▸ **Task requirements**:
Retype each line of the data below exactly, beginning with the first and ending with the one that contains "Hot vegetarian potato". Pictures do not belong in the copy.

▸ **Exercise input**:
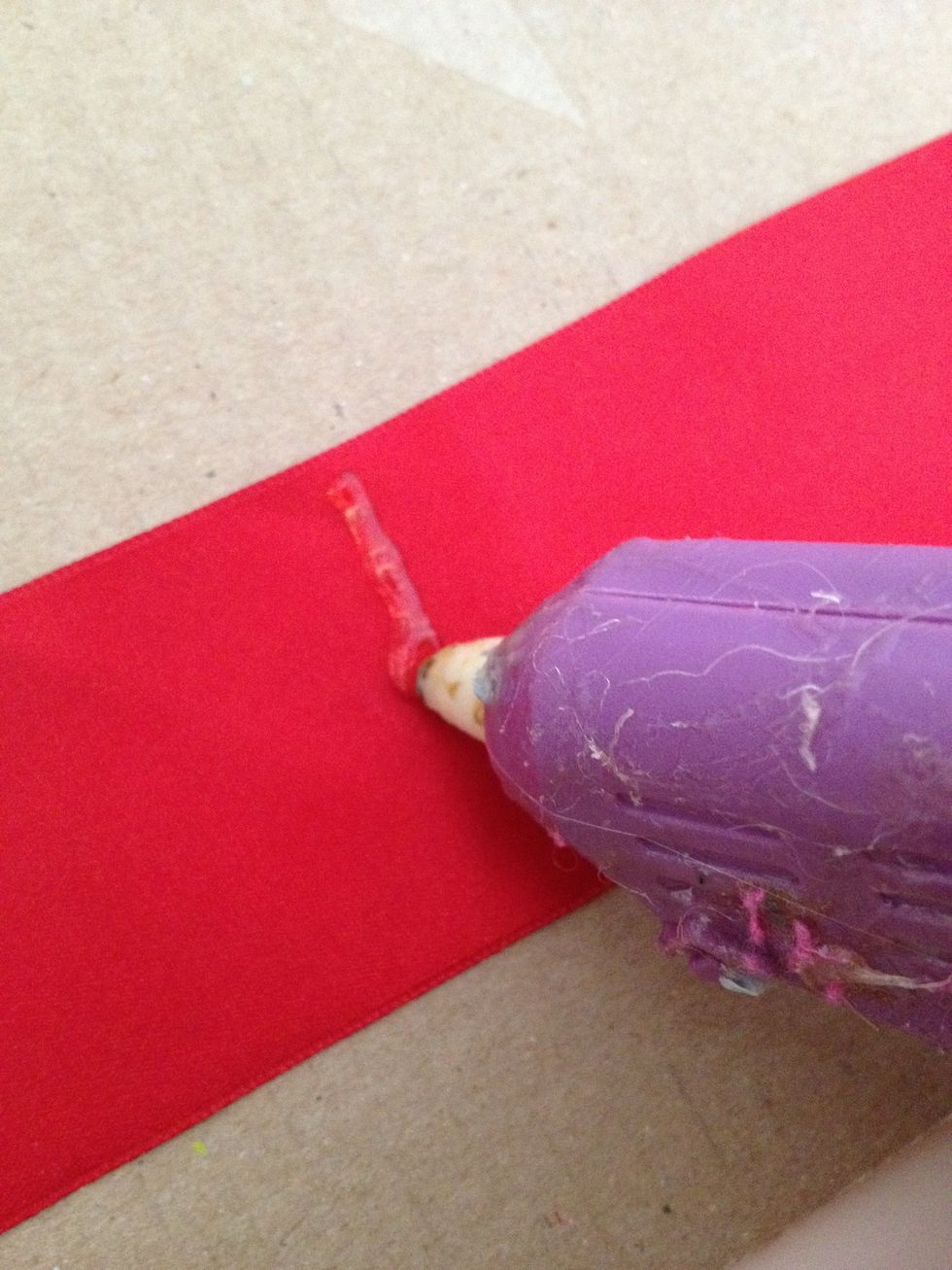 glue a line right down the middle with the glue gun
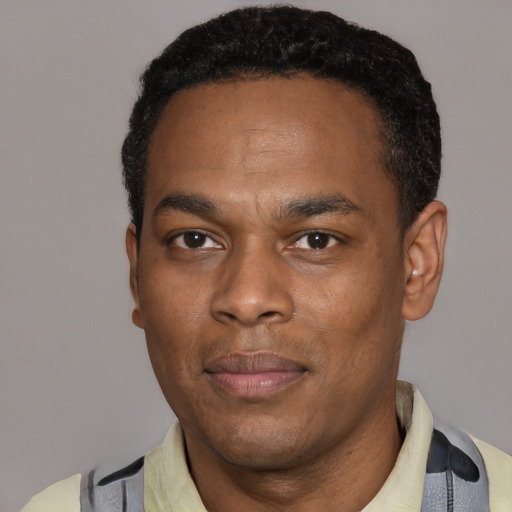 Neutral black young-adult male with short  black hair and brown eyes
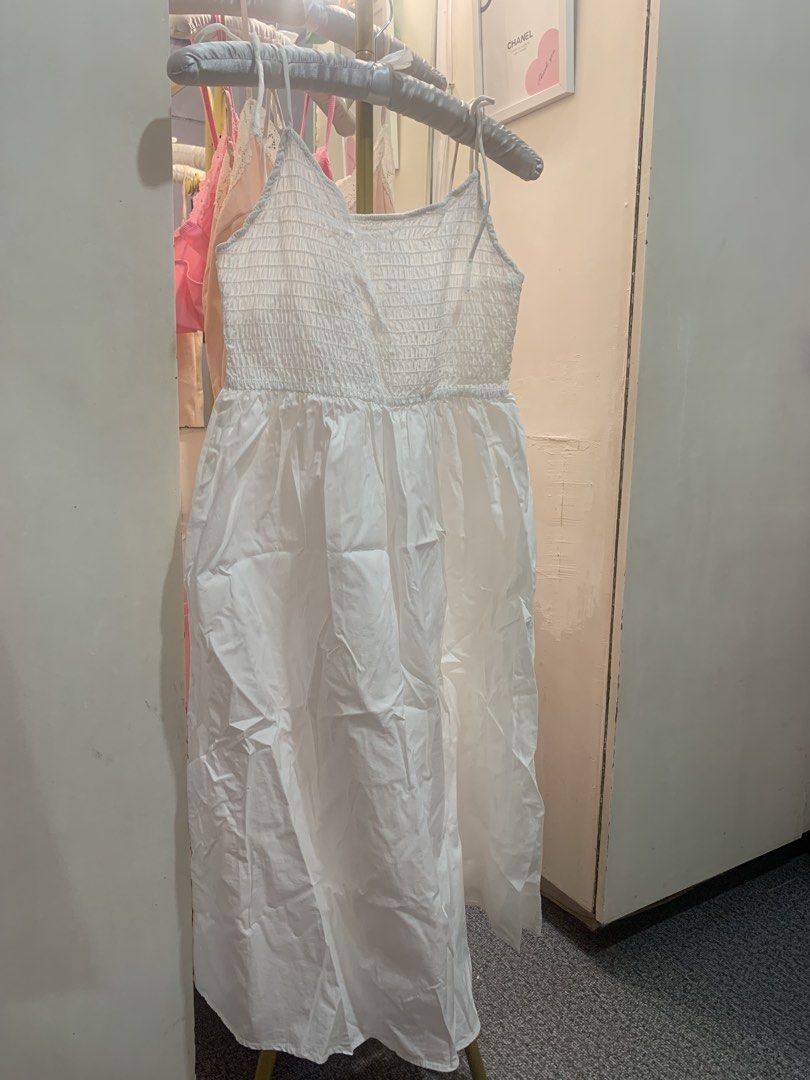 H&M white smocked maxi dress (Category: Dresses) located in Bocaue. Submitted by gaille29 (Listing ID 1467237803, Image 1). Description: .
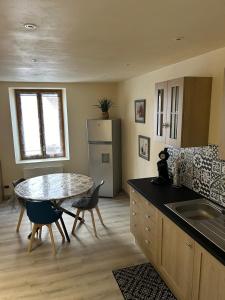 a kitchen with a table and a refrigerator at T2 BOURGEAT - Charmant 2 pièces - Centre ville in Bourg-Saint-Maurice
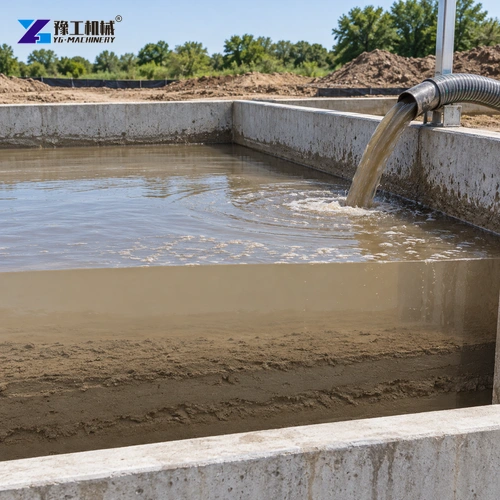 Hose entering a contained basin holding settling muddy water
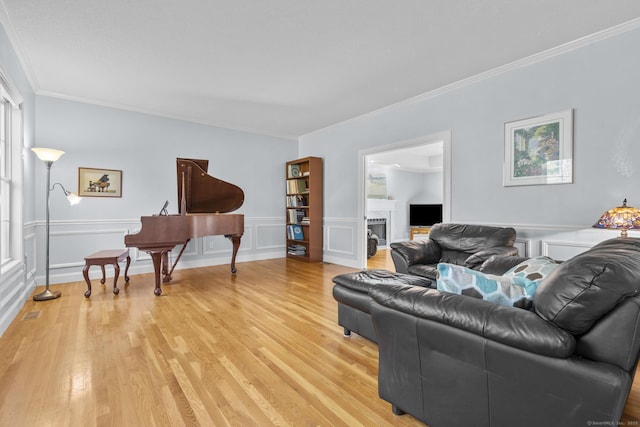 6 Old Farm Rd, Woodbridge, CT 06525 - living area with ornamental molding, a fireplace, wainscoting, and light wood-type flooring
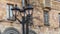 Vintage lantern with empty branches in the city on building background. Beautiful streetlight in front of old building.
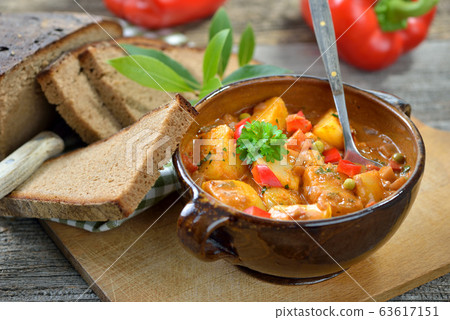 Hot vegetarian potato goulash served in a ceramic bowl with dark baked farmhouse bread  63617151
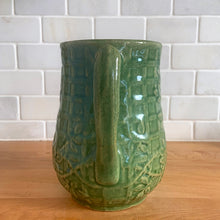 Load image into Gallery viewer, Vintage art deco gloss green ceramic pitcher featuring climbing roses on a trellis pattern. Crafted by McCoy Pottery, USA, 1930s. A beautiful piece to add to your art pottery collection and the perfect complement to any farmhouse, cottagecore, country, or shabby chic home decor!

In excellent condition, minor chip at the foot, no cracks/repairs, age-related crazing. Typical manufacturing glaze pops. Unmarked.

Measures 4 1/4 x 6 3/4 inches
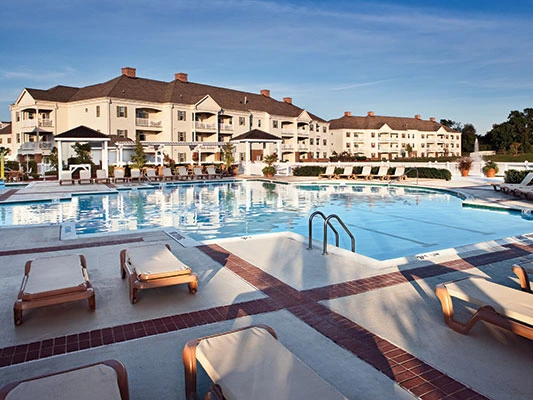Large outdoor pool and lounge chairs at Governor's Green Resort.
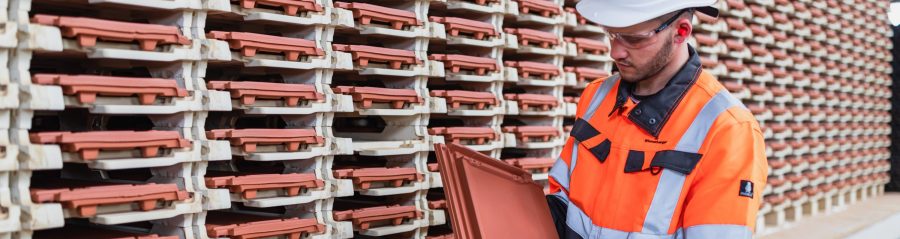 Factory worker checking roof tile quality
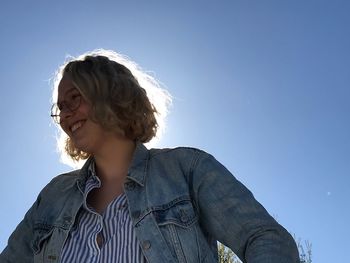 Low angle view of smiling young woman against clear sky
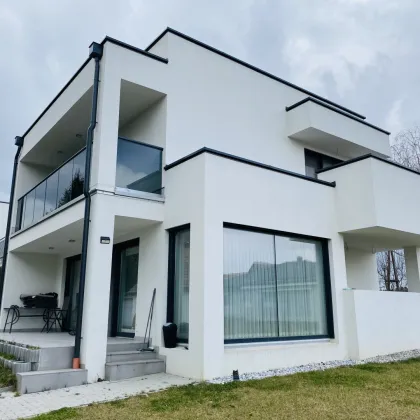 Exklusiv Wohnen auf Zwei Ebenen: Moderne Doppelhaushälfte mit Dachterrasse - Bild 2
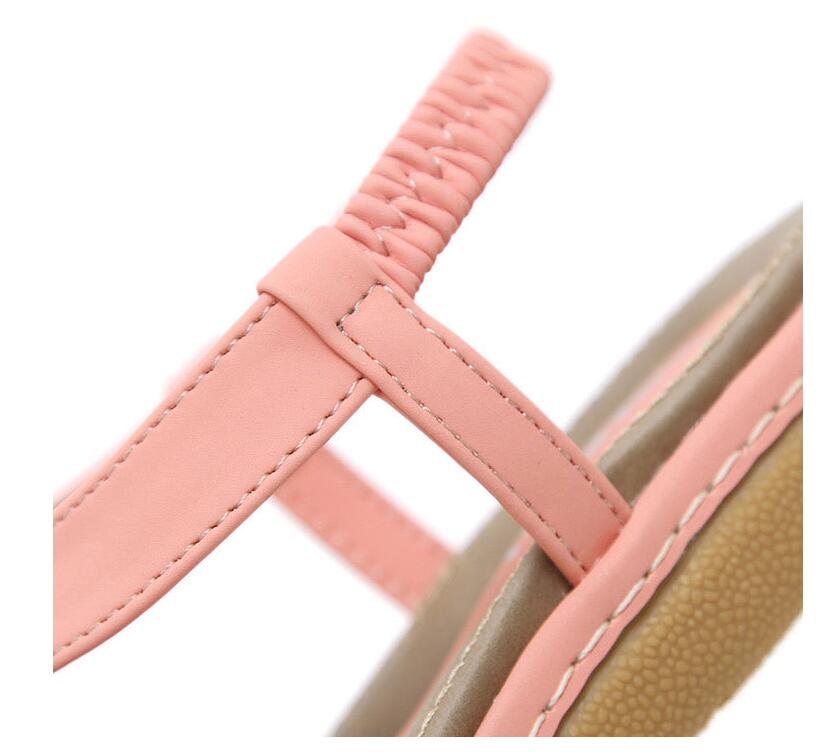 Ladies' chic beach flip flops by MANDOTOS INTERNATIONAL with stylish straps and comfortable soles, perfect for summer outings.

▸ **Solution for this exercise**:
 glue a line right down the middle with the glue gun
 Neutral black young-adult male with short  black hair and brown eyes
 H&M white smocked maxi dress (Category: Dresses) located in Bocaue. Submitted by gaille29 (Listing ID 1467237803, Image 1). Description: .
 a kitchen with a table and a refrigerator at T2 BOURGEAT - Charmant 2 pièces - Centre ville in Bourg-Saint-Maurice
 Hose entering a contained basin holding settling muddy water
 6 Old Farm Rd, Woodbridge, CT 06525 - living area with ornamental molding, a fireplace, wainscoting, and light wood-type flooring
 Vintage lantern with empty branches in the city on building background. Beautiful streetlight in front of old building.
 Hot vegetarian potato goulash served in a ceramic bowl with dark baked farmhouse bread  63617151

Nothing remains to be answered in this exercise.